LA REBELIÓN que ha estallado en Alcalá de Henares y Torrejón de Ardoz (Madrid), donde una parte significativa de sus 21.000 alumnos, padres y profesores han tomado los colegios y a menudo las calles para exigir la jornada escolar continua (clases sólo de mañana), ha puesto en apuros al Gobierno de Ruiz-Gallardón. Éste se ha visto obligado a salir a la palestra para intentar controlar un fuego cuyas brasas provienen de la irresponsable alegría con la que manejó el asunto la anterior ministra de Educación, Esperanza Aguirre. Al ofrecer hace un año y medio a los sindicatos de profesores la posibilidad del cambio de jornada, la ahora presidenta del Senado se inventó una solución para un problema inexistente.En el manual de instrucciones de cualquier análisis sobre la jornada lectiva hay dos reglas: el cambio es unidireccional, sin camino de regreso (no se conocen tránsitos de la jornada continua a la partida) y es contagioso: allá donde se implanta se expande, con el apoyo de los padres o sin él. A falta de estudios integrales sobre sus efectos, existe un consenso básico sobre algunas cuestiones: la concentración de actividades provoca una caída de rendimiento, los horarios estrechos dificultan la organización escolar, los programas oficiales no incluyen todos los contenidos necesarios; los chicos necesitan los colegios para convivir y no sólo para asistir a clase, y los hijos de familias desestructuradas o desfavorecidas salen beneficiados de la mera permanencia en el centro.

Mientras las administraciones se aplican a estudiar el asunto, como deberían haber hecho hace tiempo, conviene huir de planteamientos angelicales y remitir tan complejo debate a las condiciones reales de la educación en España, caracterizada por unos centros públicos con horarios demasiado ajustados y que tienden a ofrecer menos servicio social, y unos centros privados con amplios horarios y largas listas de actividades complementarias. Sin caer en dogmas ni profecías ideológicas, el panorama no permite ser optimista sobre los efectos de la jornada continua, aparte de la mejora de la calidad de vida de los profesores (bien deseable, pero no a toda costa) y de aquellos padres y madres que así evitarían cuatro viajes al colegio. La enseñanza pública no se beneficiaría gran cosa.

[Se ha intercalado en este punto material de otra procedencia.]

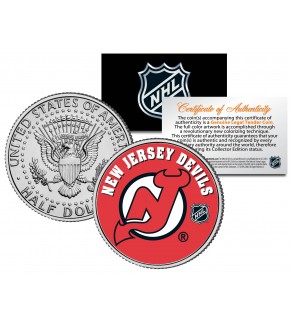 NEW JERSEY DEVILS NHL Hockey JFK Kennedy Half Dollar U.S. Coin - Officially Licensed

Los gobernantes harían bien en aprovechar la polémica para plantear una prudente reorganización del horario escolar, en la línea de disociar el horario de los funcionarios docentes del de los alumnos, con la consiguiente dotación de recursos humanos, y de ampliar los horarios de apertura de los colegios como forma de avanzar hacia un servicio social amplio, moderno y satisfactorio para los ciudadanos, empezando por los alumnos. Es la línea avanzada por Joaquín Almunia en su programa electoral, y que las comunidades autónomas gobernadas por los socialistas no han puesto en práctica. En todo caso, los gobernantes deberían tentarse la ropa antes de empujar al sistema educativo hacia un modelo de jornada continua que, sin las garantías suficientes, como es el caso, puede acabar con los chicos solos en casa, tumbados en el sofá y viendo telenovelas. Y eso no es educación.